この割れの検出手段としては、超音波探傷センサ(Ultrasonic Testing sensor :以下UTセンサという)を適用した超音波探傷装置を使用して行う超音波探傷方法が従来から知られている。
【0003】
この超音波探傷装置は、ボルト等の被検体内部に超音波を入射し、内部に発生している欠陥(割れ)からの跳ね返りである反射エコーを検出することにより、被検体中の欠陥の存在を割り出し検出するようにしたものである。

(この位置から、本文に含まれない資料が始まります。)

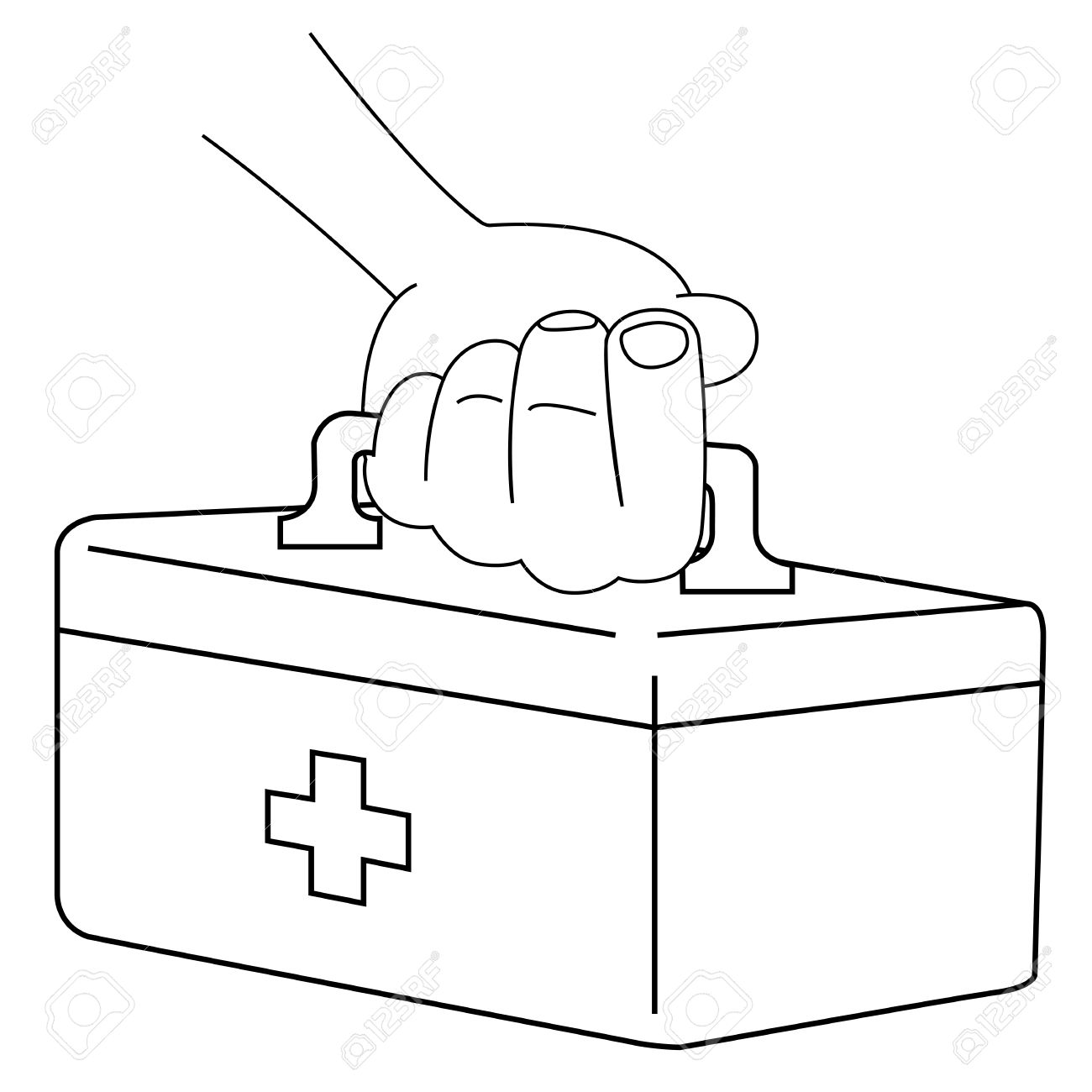 1300x1300 First Aid Kit Black Lines On White Background. Royalty Free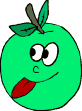 gif anime pomme verte avec yeux et langue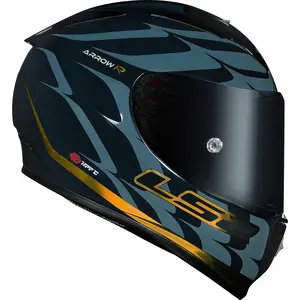 Imagem 2 de Capacete LS2 FF323 Arrow R Flames - Azul/Dourado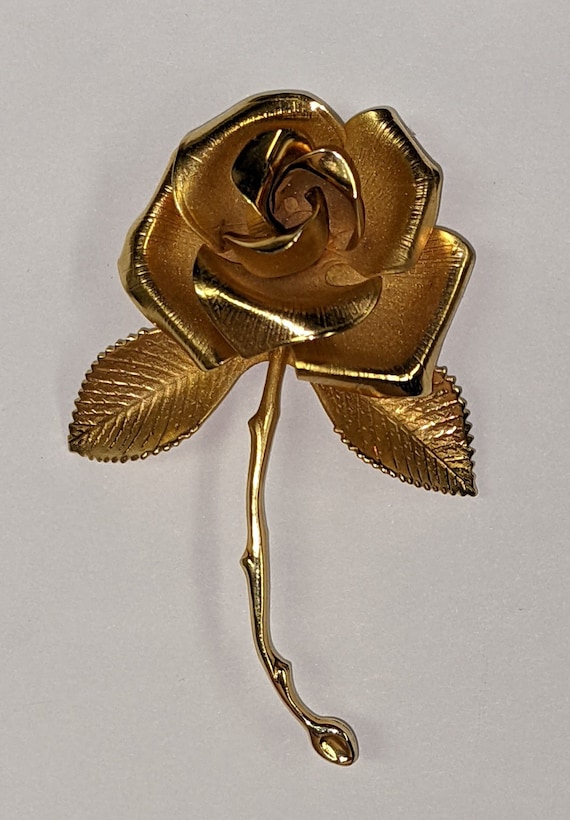1981 Cerrito Original Gold Tone Rose Pin Brooch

すなわち、従来の超音波探傷装置は、図5に示すように被検体としてのボルト101の端面101aに超音波探傷センサ102を設置し、ボルト端面101aからボルト101の軸心方向と平行にボルト101の内部に超音波103を発射する。
【0004】
このUTセンサ102からボルト101内に発射された超音波103は、ボルト101内に不連続構造を形成する割れ105が発生していなければ、超音波103は反射されずボルト101内の割れ105発生がないことが検知できる。
【0005】
しかしながら、図5(b)に示すようにUTセンサ102から発射された超音波103の経路中に、例えば、ボルト101のネジ部101bから発生した割れ105による不連続構造がある場合には、ボルト101の内部に発射された超音波103は、この割れ105によって反射される。

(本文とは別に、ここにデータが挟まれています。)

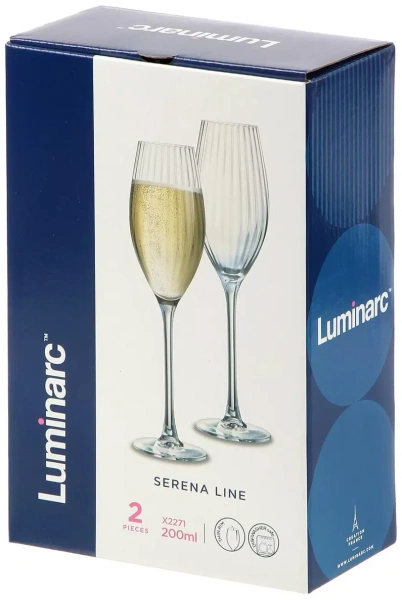 Набор фужеров для шампанского Luminarc SERENA LINE 2шт 200мл X2271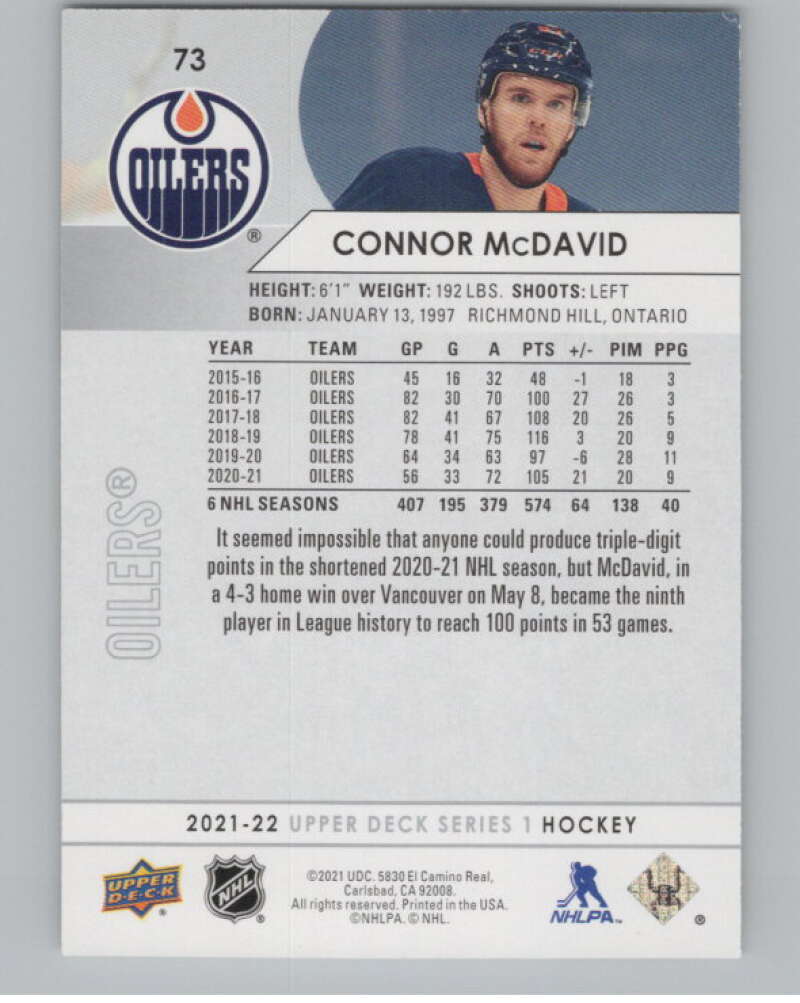 2021-22 Upper Deck #73 Connor McDavid  Edmonton Oilers  V99968 Image 2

この反射された、反射波(反射エコー)106は、割れ105が超音波103の発射方向に垂直面をなして発生している場合、UTセンサ102で検出され、発射時間と入射時間との時刻差Δt′を計測し、この時刻差Δt′と既知であるボルト内音速vとから、積演算Δt′×vによりボルト101の内部に発生している割れ105等の欠陥およびその位置を検出することができる。
【0006】
また、従来の超音波探傷装置による超音波探傷方法では、UTセンサ102として、ボルト101の軸心方向と一致させて超音波103を発射させる、いわゆる垂直ビームを発生させるようにしたUTセンサ101が用いられていた。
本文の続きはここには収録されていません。